> **Work task**
Write out the data exactly as given, dropping every picture.

> **Available data**
------

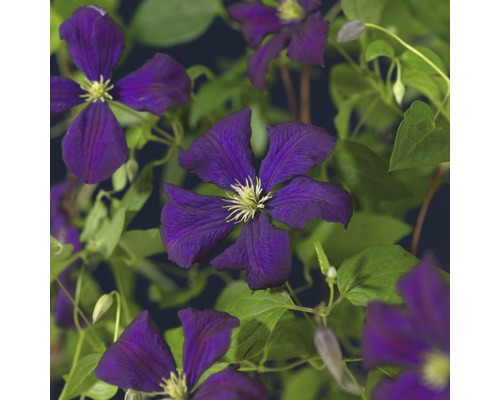 FLORASELF Klimplant clematis vit. et. violette 2,3 l 53-70 cm Lila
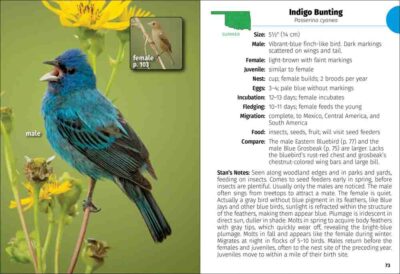 Birds of Oklahoma Field Guide - Image 4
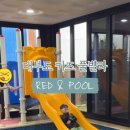 레드앤풀 네이버블로그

------

> **Answer to the exercise**
 FLORASELF Klimplant clematis vit. et. violette 2,3 l 53-70 cm Lila
 Birds of Oklahoma Field Guide - Image 4
 레드앤풀 네이버블로그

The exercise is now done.